Brain's biology could actually be responsible for how apathetic a person is, according to new research published in the journal Cerebral Cortex.
Scientists at Oxford University in the U.K. gathered 40 healthy volunteers and had them complete a questionnaire that the researchers used to evaluate their levels of motivation.
Then, the study participants played a game in which they were made offers with different levels of reward and the physical effort involved in winning the reward. The researchers said that, as predicted, the participants usually accepted the offers with high rewards and low effort, while the low rewards requiring high effort were not accepted as often.
Next, the participants played the game in an MRI machine while the researchers analyzed their brains.
Although the "apathetic" people were less likely to accept the offers requiring a lot of effort, one part of their brains showed more activity than in the motivated participants: the pre-motor cortex. This brain area is involved in taking actions and activates just before other brain areas that control movement do.

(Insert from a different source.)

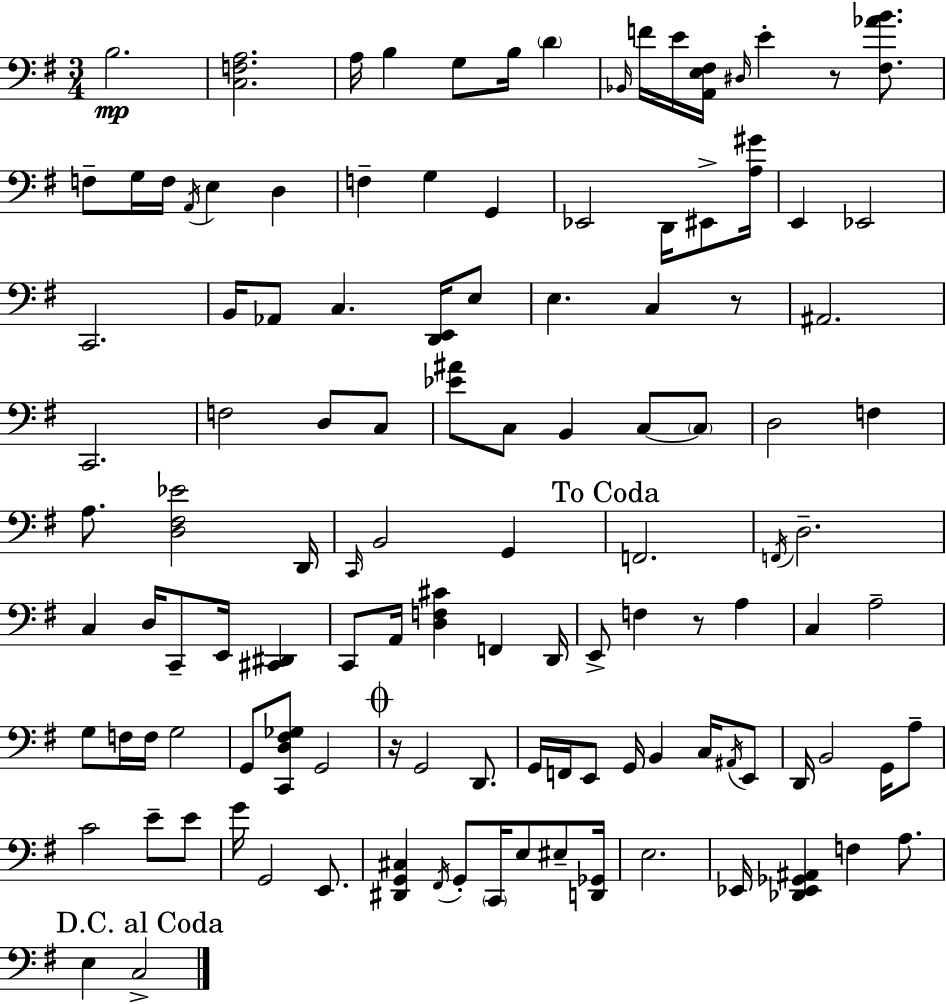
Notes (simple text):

B3/h. [C3,F3,A3]/h. A3/s B3/q G3/e B3/s D4/q Bb2/s F4/s E4/s [A2,E3,F#3]/s D#3/s E4/q R/e [F#3,Ab4,B4]/e. F3/e G3/s F3/s A2/s E3/q D3/q F3/q G3/q G2/q Eb2/h D2/s EIS2/e [A3,G#4]/s E2/q Eb2/h C2/h. B2/s Ab2/e C3/q. [D2,E2]/s E3/e E3/q. C3/q R/e A#2/h. C2/h. F3/h D3/e C3/e [Eb4,A#4]/e C3/e B2/q C3/e C3/e D3/h F3/q A3/e. [D3,F#3,Eb4]/h D2/s C2/s B2/h G2/q F2/h. F2/s D3/h. C3/q D3/s C2/e E2/s [C#2,D#2]/q C2/e A2/s [D3,F3,C#4]/q F2/q D2/s E2/e F3/q R/e A3/q C3/q A3/h G3/e F3/s F3/s G3/h G2/e [C2,D3,F#3,Gb3]/e G2/h R/s G2/h D2/e. G2/s F2/s E2/e G2/s B2/q C3/s A#2/s E2/e D2/s B2/h G2/s A3/e C4/h E4/e E4/e G4/s G2/h E2/e. [D#2,G2,C#3]/q F#2/s G2/e C2/s E3/e EIS3/e [D2,Gb2]/s E3/h. Eb2/s [Db2,Eb2,Gb2,A#2]/q F3/q A3/e. E3/q C3/h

The brain scans revealed that in more apathetic people the pre-motor cortex was more active when they chose to take an offer than it was in the motivated participants.
This was the opposite of what the researchers had expected. They thought there would be less activity in apathetic people since they were less likely to accept the choices requiring effort, but this was not the case.
The scans suggested that the connections in the front part of the brains of apathetic people are less effective. So their brains have to make more of an effort to take action.
The researchers said this is the first evidence of a biological basis for apathy, but did note that their findings may not necessarily account for apathy in everyone.
But the results do provide more insight about the brain processes involved in a person's level of motivation.